Entre los alzados hay nervios de guerra al clarear la medianoche y es que para estas horas Atenco es ya un asunto de seguridad nacional, dicen los principales mandos policiacos del país. El rumor en el pueblo es que ahora no serán los policías estatales, sino el Ejército el que los reprimirá.
Por eso hay tanta alerta y suenan con frecuencia las campanas de la iglesia. A los más adormilados del pueblo, unos cohetones ayudan a despertarlos. “¡Ya vienen los federales, compañeros, vamos a organizarnos para darles en la madre!”, gritan líderes espontáneos.

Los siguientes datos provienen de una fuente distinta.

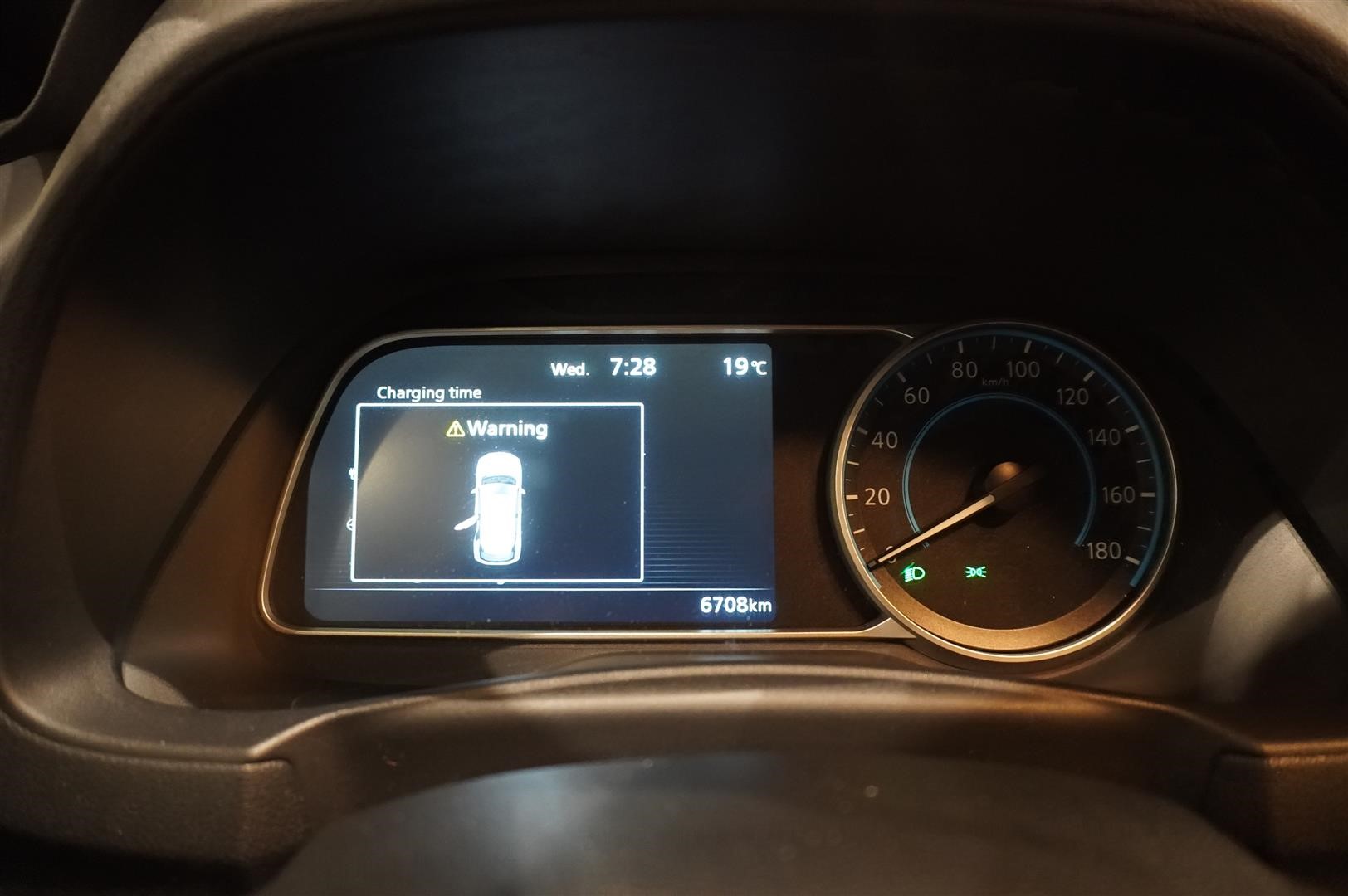 5dr Acenta 39 kWh Releasing_13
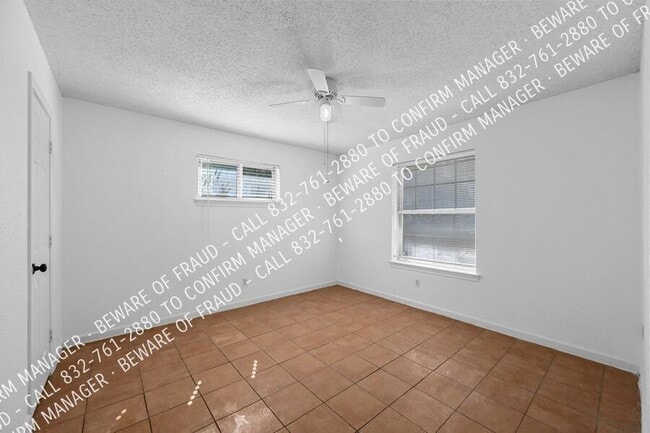 Building Photo - 2346 February Ln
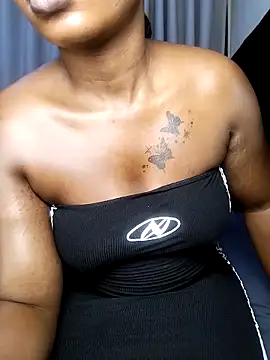 Hugemassivebootie online show from 04/08/26, 07:26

“Los de Atenco” saben que serán reprimidos como nunca. Quizá por eso hasta deciden entregar a 8 de los 10 efectivos en cautiverio a la Cruz Roja. Nada cambiará eso el transcurso de las cosas durante las horas siguientes. La decisión está tomada.
En la planta baja están varios que como Ángel participaron en las movilizaciones estudiantiles de décadas anteriores. Ellos piden detergente y vinagre. Echan el químico debajo de la puerta, y detrás de las ventanas, luego mezclan sus orines con vinagre y derraman también el contenido por todos lados.
Los policías traen perros y los perros suben de frente a la planta alta por la escalera de metal delantera. Los perros no huelen el sudor de treinta personas en la planta baja. Por la escalera los policías jalan a los que se escondían arriba. Los bajan y los golpean. La gente en la planta baja escucha los gritos. Llevan a golpes a Mariana, la hija del Doctor Selvas. Mariana, un año después, sigue presa.
Un policía toca la puerta de la planta baja, pero nadie le contesta.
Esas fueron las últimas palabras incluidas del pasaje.